Exercise description: Can you retype every record below exactly as written?

[[ Dataset extract, beginning ]]

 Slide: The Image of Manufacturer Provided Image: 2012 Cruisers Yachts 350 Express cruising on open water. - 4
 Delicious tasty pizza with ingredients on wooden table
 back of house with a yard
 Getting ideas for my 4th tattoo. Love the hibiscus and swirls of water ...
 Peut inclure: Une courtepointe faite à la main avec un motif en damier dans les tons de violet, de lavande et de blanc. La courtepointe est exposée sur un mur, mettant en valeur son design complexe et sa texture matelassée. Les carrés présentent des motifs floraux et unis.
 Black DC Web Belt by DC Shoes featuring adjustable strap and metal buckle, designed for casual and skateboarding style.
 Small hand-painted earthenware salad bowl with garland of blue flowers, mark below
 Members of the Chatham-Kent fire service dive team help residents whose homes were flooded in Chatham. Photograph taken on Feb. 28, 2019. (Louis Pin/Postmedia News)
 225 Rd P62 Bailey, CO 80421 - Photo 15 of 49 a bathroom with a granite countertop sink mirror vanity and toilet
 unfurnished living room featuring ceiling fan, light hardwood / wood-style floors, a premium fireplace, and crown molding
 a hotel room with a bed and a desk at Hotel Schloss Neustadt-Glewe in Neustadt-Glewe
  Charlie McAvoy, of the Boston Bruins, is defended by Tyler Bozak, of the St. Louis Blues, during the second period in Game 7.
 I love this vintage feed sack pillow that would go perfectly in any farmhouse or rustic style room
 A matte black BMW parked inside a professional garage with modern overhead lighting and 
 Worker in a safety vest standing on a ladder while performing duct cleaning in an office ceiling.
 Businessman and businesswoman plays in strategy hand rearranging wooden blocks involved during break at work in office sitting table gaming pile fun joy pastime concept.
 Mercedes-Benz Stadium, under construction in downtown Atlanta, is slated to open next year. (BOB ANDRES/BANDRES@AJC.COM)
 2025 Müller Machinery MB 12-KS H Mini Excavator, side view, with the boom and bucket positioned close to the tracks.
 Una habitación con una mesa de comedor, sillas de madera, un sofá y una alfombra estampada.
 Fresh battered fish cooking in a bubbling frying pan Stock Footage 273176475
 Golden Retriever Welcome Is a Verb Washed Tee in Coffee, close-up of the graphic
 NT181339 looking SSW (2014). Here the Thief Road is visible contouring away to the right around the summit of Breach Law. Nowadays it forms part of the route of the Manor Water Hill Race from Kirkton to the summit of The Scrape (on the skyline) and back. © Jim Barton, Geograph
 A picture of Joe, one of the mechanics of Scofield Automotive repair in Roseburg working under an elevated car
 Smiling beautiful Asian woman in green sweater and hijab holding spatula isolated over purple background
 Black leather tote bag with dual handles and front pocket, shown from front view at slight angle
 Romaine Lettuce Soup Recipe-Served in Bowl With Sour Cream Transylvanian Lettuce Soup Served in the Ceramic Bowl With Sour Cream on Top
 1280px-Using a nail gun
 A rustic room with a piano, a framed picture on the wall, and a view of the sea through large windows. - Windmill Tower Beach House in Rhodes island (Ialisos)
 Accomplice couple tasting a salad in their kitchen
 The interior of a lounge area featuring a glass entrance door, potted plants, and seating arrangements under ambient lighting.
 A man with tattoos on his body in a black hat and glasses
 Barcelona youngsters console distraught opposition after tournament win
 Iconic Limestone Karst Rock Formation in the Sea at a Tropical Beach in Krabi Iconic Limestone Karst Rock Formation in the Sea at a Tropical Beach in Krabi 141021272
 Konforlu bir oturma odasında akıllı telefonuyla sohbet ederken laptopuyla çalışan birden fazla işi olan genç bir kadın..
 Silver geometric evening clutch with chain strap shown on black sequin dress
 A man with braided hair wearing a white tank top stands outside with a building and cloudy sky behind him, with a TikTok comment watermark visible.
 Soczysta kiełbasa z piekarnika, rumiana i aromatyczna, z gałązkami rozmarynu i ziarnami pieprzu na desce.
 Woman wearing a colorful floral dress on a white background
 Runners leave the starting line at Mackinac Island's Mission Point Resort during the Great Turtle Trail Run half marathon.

[[ Dataset extract, end ]]

Exercise solution:
 Slide: The Image of Manufacturer Provided Image: 2012 Cruisers Yachts 350 Express cruising on open water. - 4
 Delicious tasty pizza with ingredients on wooden table
 back of house with a yard
 Getting ideas for my 4th tattoo. Love the hibiscus and swirls of water ...
 Peut inclure: Une courtepointe faite à la main avec un motif en damier dans les tons de violet, de lavande et de blanc. La courtepointe est exposée sur un mur, mettant en valeur son design complexe et sa texture matelassée. Les carrés présentent des motifs floraux et unis.
 Black DC Web Belt by DC Shoes featuring adjustable strap and metal buckle, designed for casual and skateboarding style.
 Small hand-painted earthenware salad bowl with garland of blue flowers, mark below
 Members of the Chatham-Kent fire service dive team help residents whose homes were flooded in Chatham. Photograph taken on Feb. 28, 2019. (Louis Pin/Postmedia News)
 225 Rd P62 Bailey, CO 80421 - Photo 15 of 49 a bathroom with a granite countertop sink mirror vanity and toilet
 unfurnished living room featuring ceiling fan, light hardwood / wood-style floors, a premium fireplace, and crown molding
 a hotel room with a bed and a desk at Hotel Schloss Neustadt-Glewe in Neustadt-Glewe
  Charlie McAvoy, of the Boston Bruins, is defended by Tyler Bozak, of the St. Louis Blues, during the second period in Game 7.
 I love this vintage feed sack pillow that would go perfectly in any farmhouse or rustic style room
 A matte black BMW parked inside a professional garage with modern overhead lighting and 
 Worker in a safety vest standing on a ladder while performing duct cleaning in an office ceiling.
 Businessman and businesswoman plays in strategy hand rearranging wooden blocks involved during break at work in office sitting table gaming pile fun joy pastime concept.
 Mercedes-Benz Stadium, under construction in downtown Atlanta, is slated to open next year. (BOB ANDRES/BANDRES@AJC.COM)
 2025 Müller Machinery MB 12-KS H Mini Excavator, side view, with the boom and bucket positioned close to the tracks.
 Una habitación con una mesa de comedor, sillas de madera, un sofá y una alfombra estampada.
 Fresh battered fish cooking in a bubbling frying pan Stock Footage 273176475
 Golden Retriever Welcome Is a Verb Washed Tee in Coffee, close-up of the graphic
 NT181339 looking SSW (2014). Here the Thief Road is visible contouring away to the right around the summit of Breach Law. Nowadays it forms part of the route of the Manor Water Hill Race from Kirkton to the summit of The Scrape (on the skyline) and back. © Jim Barton, Geograph
 A picture of Joe, one of the mechanics of Scofield Automotive repair in Roseburg working under an elevated car
 Smiling beautiful Asian woman in green sweater and hijab holding spatula isolated over purple background
 Black leather tote bag with dual handles and front pocket, shown from front view at slight angle
 Romaine Lettuce Soup Recipe-Served in Bowl With Sour Cream Transylvanian Lettuce Soup Served in the Ceramic Bowl With Sour Cream on Top
 1280px-Using a nail gun
 A rustic room with a piano, a framed picture on the wall, and a view of the sea through large windows. - Windmill Tower Beach House in Rhodes island (Ialisos)
 Accomplice couple tasting a salad in their kitchen
 The interior of a lounge area featuring a glass entrance door, potted plants, and seating arrangements under ambient lighting.
 A man with tattoos on his body in a black hat and glasses
 Barcelona youngsters console distraught opposition after tournament win
 Iconic Limestone Karst Rock Formation in the Sea at a Tropical Beach in Krabi Iconic Limestone Karst Rock Formation in the Sea at a Tropical Beach in Krabi 141021272
 Konforlu bir oturma odasında akıllı telefonuyla sohbet ederken laptopuyla çalışan birden fazla işi olan genç bir kadın..
 Silver geometric evening clutch with chain strap shown on black sequin dress
 A man with braided hair wearing a white tank top stands outside with a building and cloudy sky behind him, with a TikTok comment watermark visible.
 Soczysta kiełbasa z piekarnika, rumiana i aromatyczna, z gałązkami rozmarynu i ziarnami pieprzu na desce.
 Woman wearing a colorful floral dress on a white background
 Runners leave the starting line at Mackinac Island's Mission Point Resort during the Great Turtle Trail Run half marathon.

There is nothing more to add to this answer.